Effect on the expression of c-met, c-myc and PPAR-alpha in liver and liver tumors from rats chronically exposed to the hepatocarcinogenic peroxisome proliferator WY-14,643.

The induction of rodent hepatic tumors by peroxisome proliferators (PP) appears to depend on focal growth of hepatocytes. Expression of the oncogenes c-met and c-myc is altered following regenerative stimuli in rat liver, suggesting involvement of their protein products in hepatocyte replication. In addition, increases in c-myc and c-met mRNA expression are observed in multiple types of human and rodent tumors, including hepatocellular carcinoma. A study was designed to test the hypothesis that development of PP-induced hepatic neoplasms occurs as a result of overexpression of c-met or c-myc. Male F344 rats were exposed to WY-14,643 for 22 or 78 weeks (1000 p.p.m. in the diet).

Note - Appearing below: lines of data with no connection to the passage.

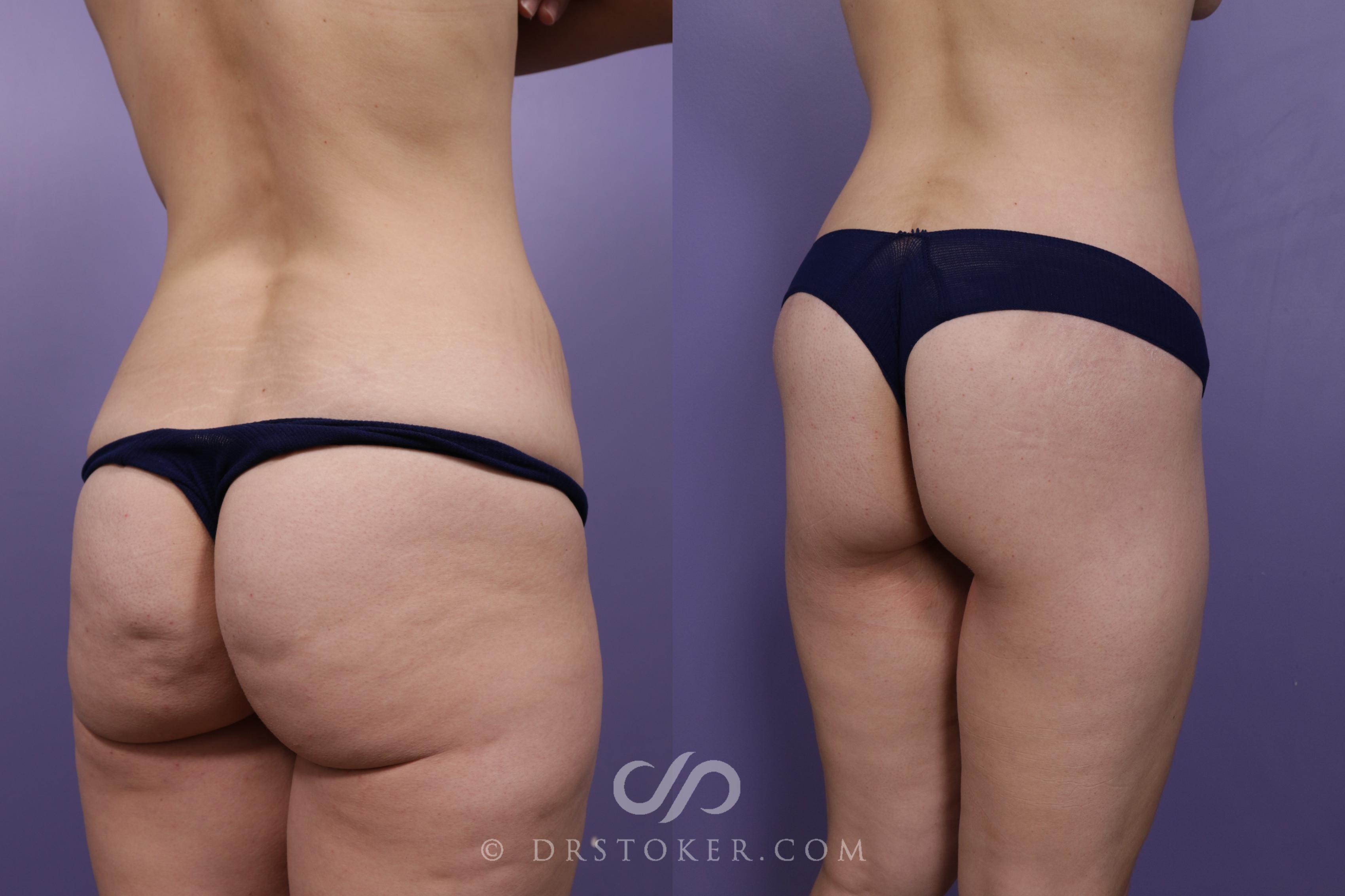 Before & After Bikini Body Lift Case 1918 Right Oblique View in Los Angeles, CA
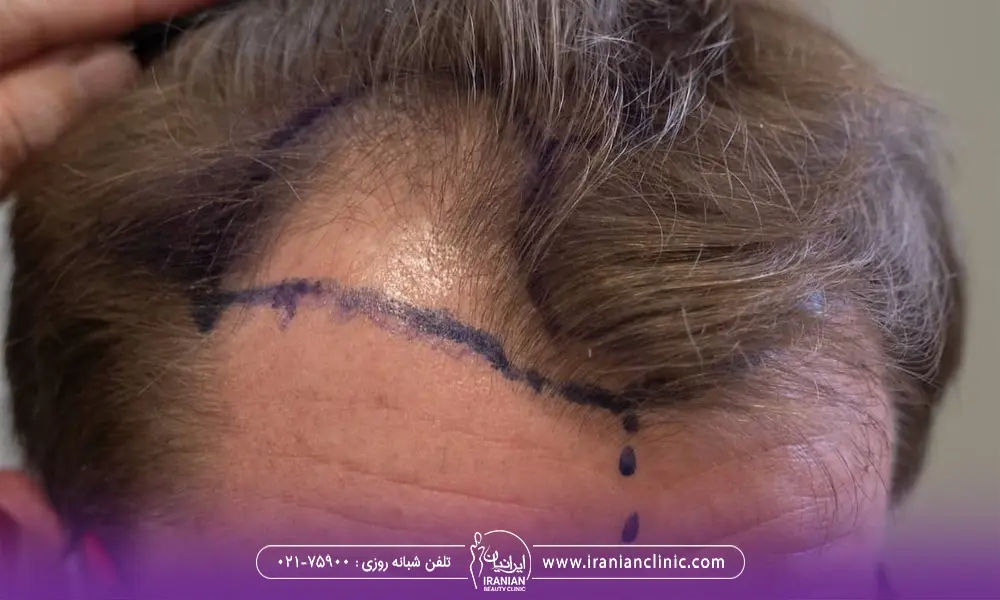 عکس مردی که موهای کم پشتی دارد و پزشک خط رویش او را با ماژیک روی سرش علامت گذاری کرده است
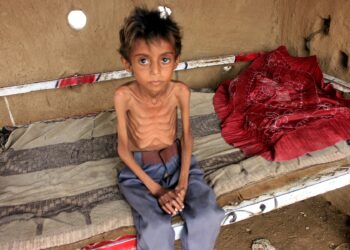 NOTA DEL EDITOR: Contenido gráfico / Hassan Razem, un niño de diez años que sufre de desnutrición aguda grave, aparece en una foto en el distrito de Abs de la provincia noroccidental de Hajjah en Yemen, el 25 de julio de 2022.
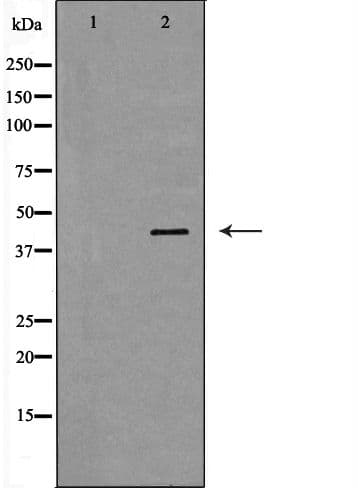 HP / Haptoglobin Antibody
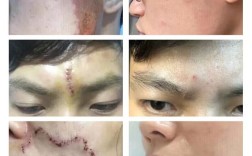 芦荟胶祛痘真的有效吗？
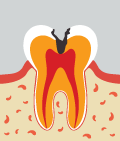 mplant_dental_img_03_03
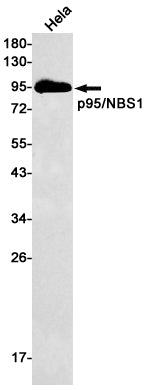 Nibrin Rabbit Monoclonal Antibody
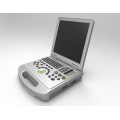 DW-C60PLUS color Doppler médico ultrasonido escáner de China para la venta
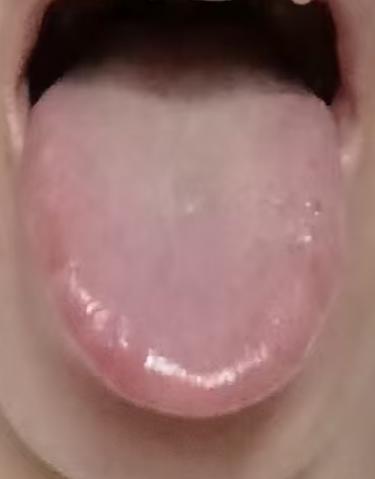 宗筋敏感切莫依赖外用麻痹，聊聊其中弊端






不少年轻粉丝受到敏感度偏高的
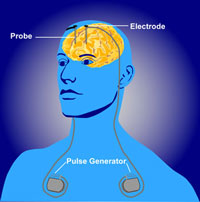 artist depiction of deep brain stimulation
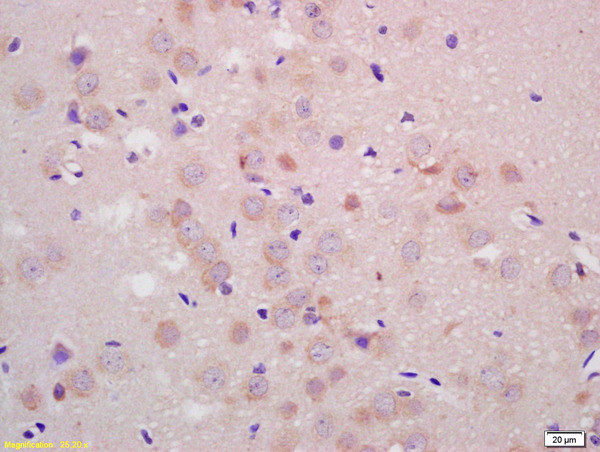 PARK2 Antibody in Immunohistochemistry (Paraffin) (IHC (P))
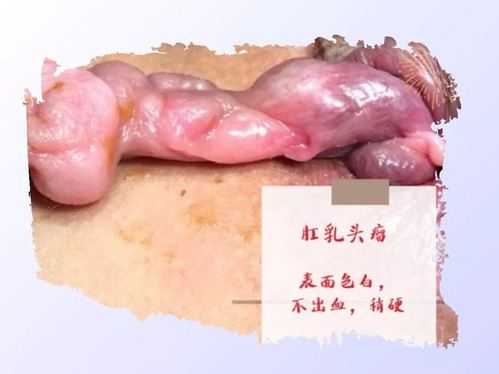 肛门息肉的症状有哪些,孕期息肉出血怎么办 第1张 肛门息肉的症状有哪些,孕期息肉出血怎么办 第1张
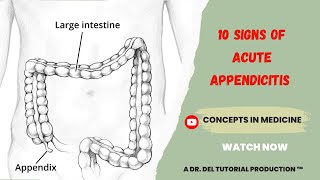 10 Signs Of Acute Appendicitis Made So Easy [upl. by Weinreb]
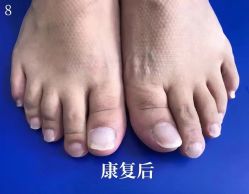 -德哥灰指甲脚气甲沟炎跖疣护理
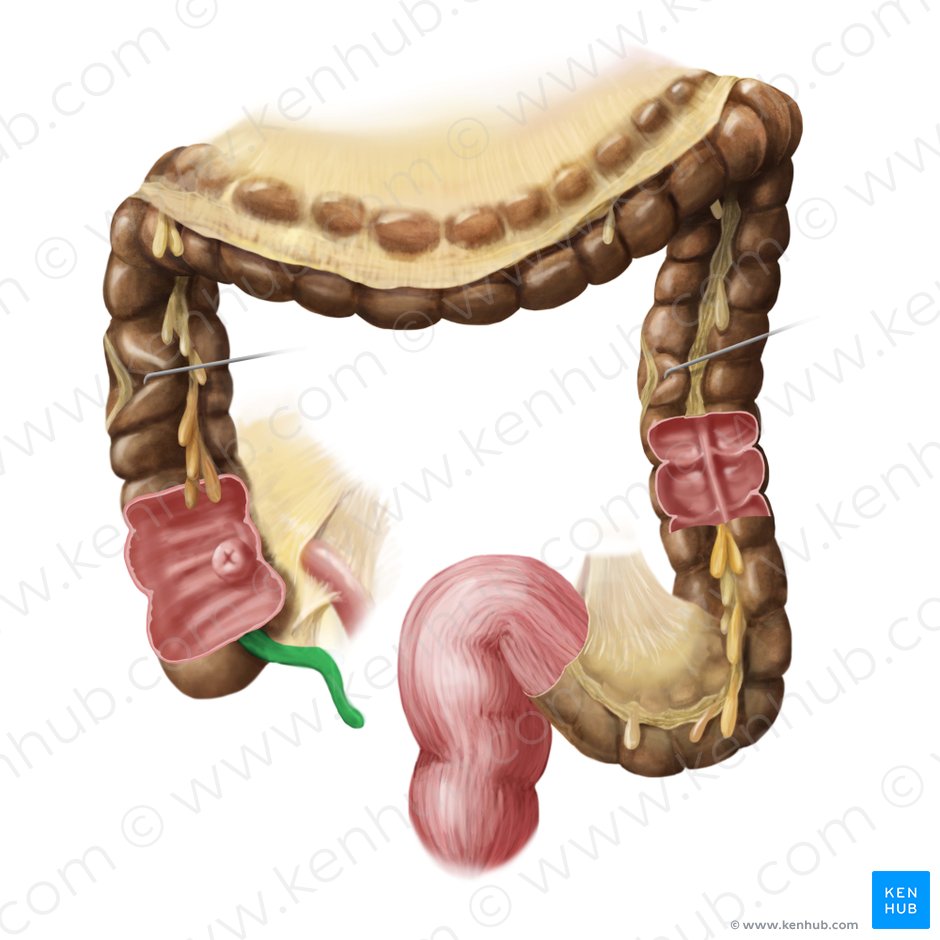Apêndice vermiforme (Appendix vermiformis); Imagem: Begoña Rodriguez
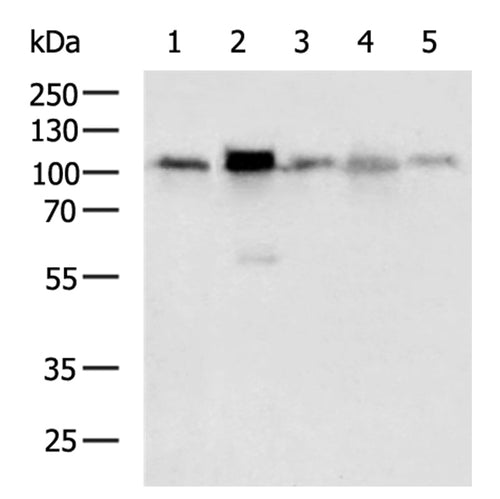 STAT6 rabbit polyclonal antibody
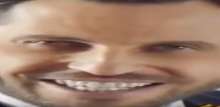 636x311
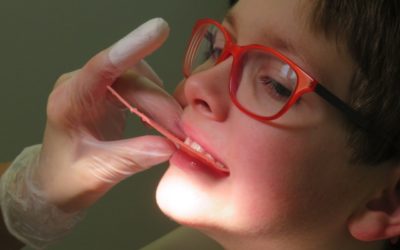 Paura del dentista nei bambini: scopriamo cosa c’è dietro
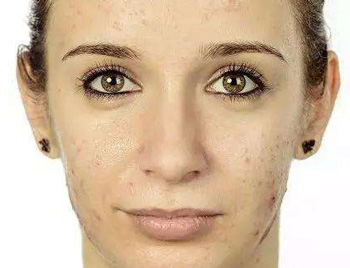 更年期长痘痘的原因，如何调理  更年期长痘 美白祛黄 第2张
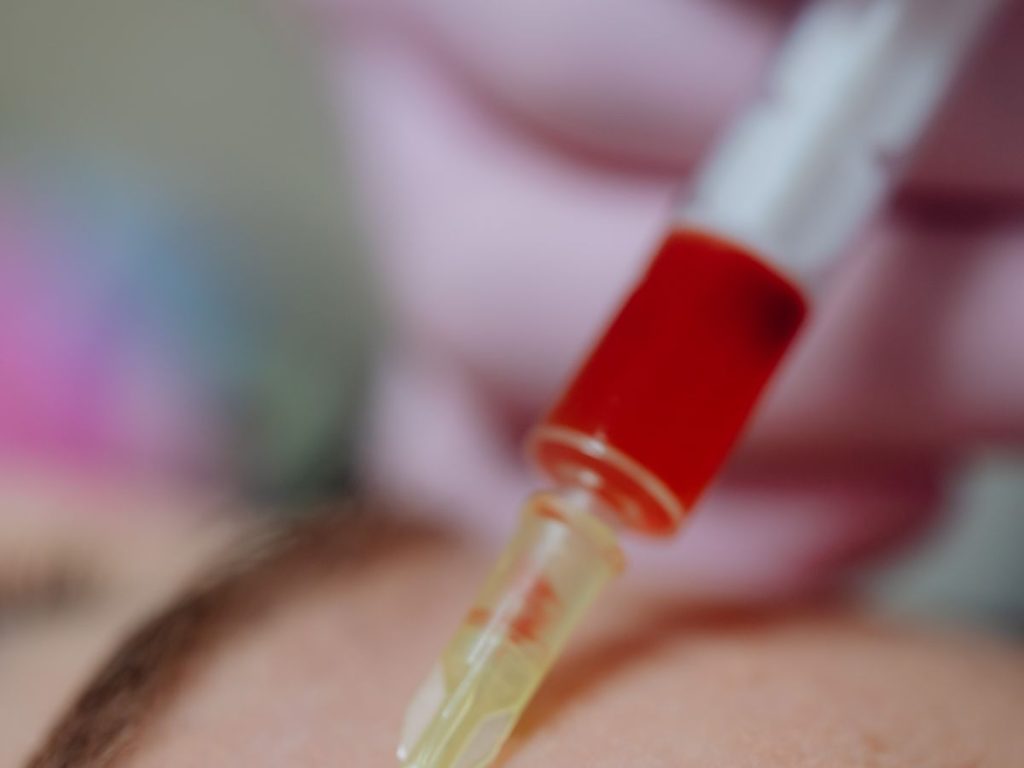 Vampire facial met PRP uit eigen bloed bij LZ Clinics Amsterdam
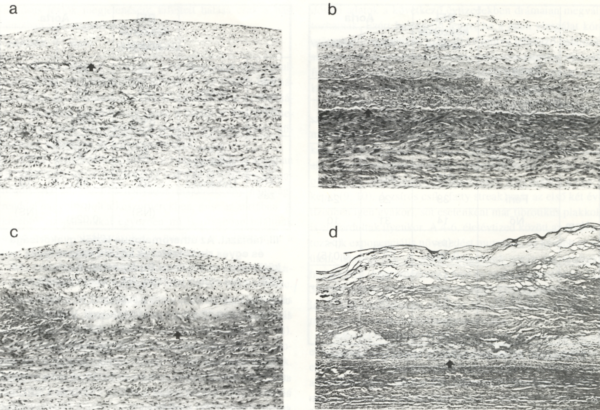 Fiatalkori érelmeszesedés a koszorúerekben és az aortában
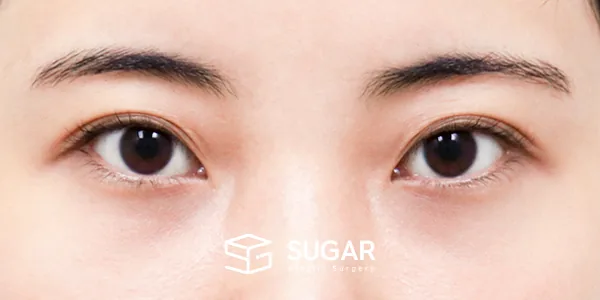 슈가성형외과 첫) 뒤밑트임 전후사진 - 수술 전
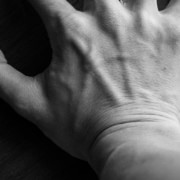 Ganglion cyst hand wrist surgery Austin TX ATX Orthopedics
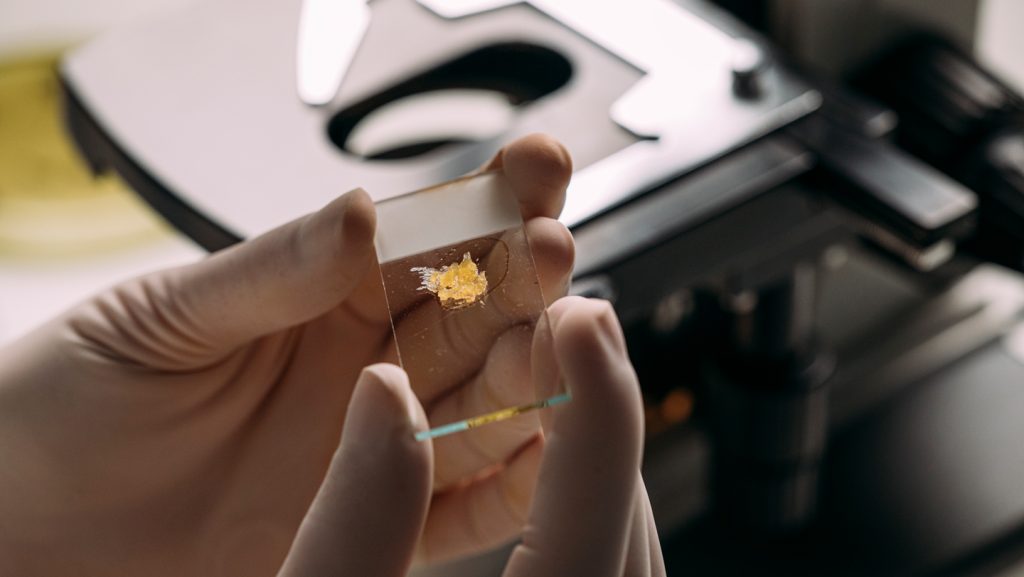 It masquerades as malignant. But this bone-covered tumor is benign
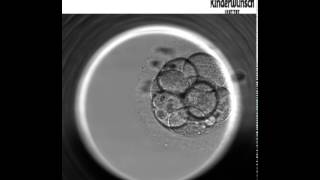 Die Embryo Entwicklung bis zur Blastozyste  Embryoskop [upl. by Irrej]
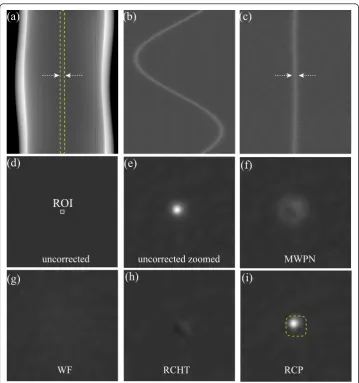 Figure 7 Removal of ring artifacts from a uniform phantom image with a gold wire located at theiso-center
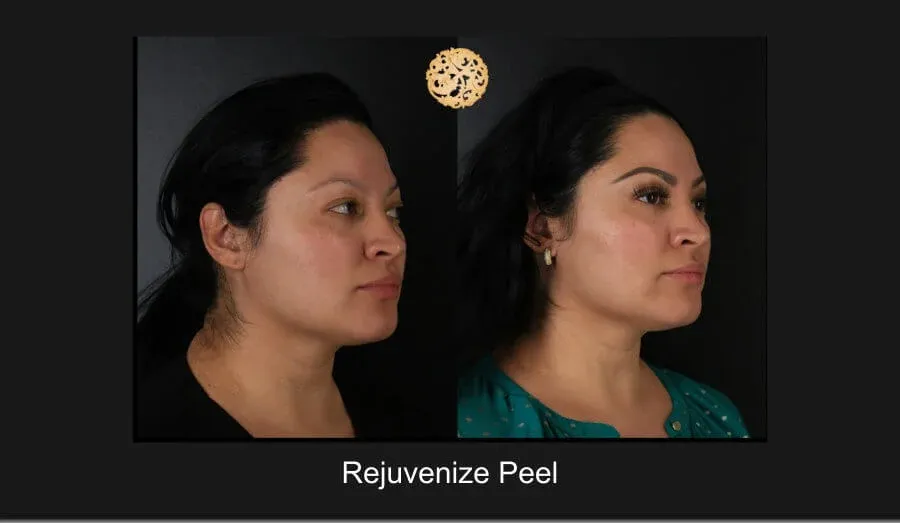 Chemical Peel Before & After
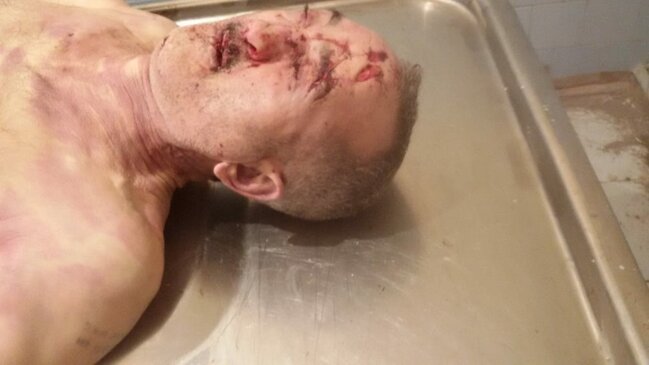 Maşınla vurulub öldürülən piyadanın yaxınları axtarılır - FOTO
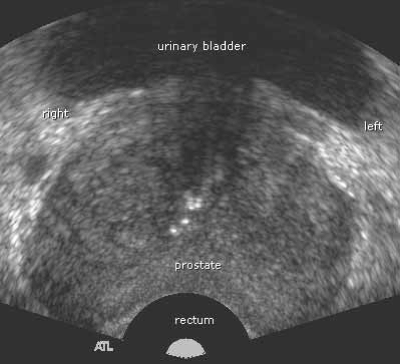 A typical TRUS transverse view of the prostate (front to back) shows the shape of the gland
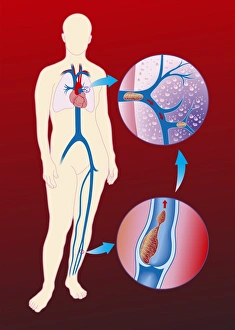 Blood Clot Formation Drucke: Deep vein thrombosis, artwork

Messenger RNA was extracted from liver tumors (78 weeks) and surrounding non-lesion liver of exposed rats and non-lesion liver from age-matched control rats. Levels of mRNA expression were compared using Northern analysis. Significant increases in c-met (approximately 6-fold) and c-myc (approximately 7-fold) mRNA levels were observed in liver tumors compared with liver from control rats. A slight but non-significant increase in mRNA for both of these genes was observed in tumors compared with surrounding non-lesion liver tissue (approximately 2-fold). Increases in mRNA expression of c-met (approximately 3-fold) and c-myc (approximately 5-fold) were also detected in non-lesion liver from WY-14,463-exposed animals compared with non-lesion liver from naive rats. PP exposure in rats increased c-met and c-myc expression in liver and liver tumors, but in a manner which does not correspond to the rapid proliferation of hepatocytes present in tumors. To determine the potential involvement of the PP-activated receptor in PP-induced hepatocarcinogenesis, tumors were also examined for PP-activated receptor expression relative to surrounding liver and liver from naive rats. PP-activated receptor-alpha mRNA levels were significantly increased (approximately 6-fold) in tumors compared with naive liver, but only slightly increased over surrounding non-lesion liver tissue. These results suggest that modulation of c-met, c-myc and PP-activated receptor-alpha are not major determinants of PP-induced hepatocarcinogenesis.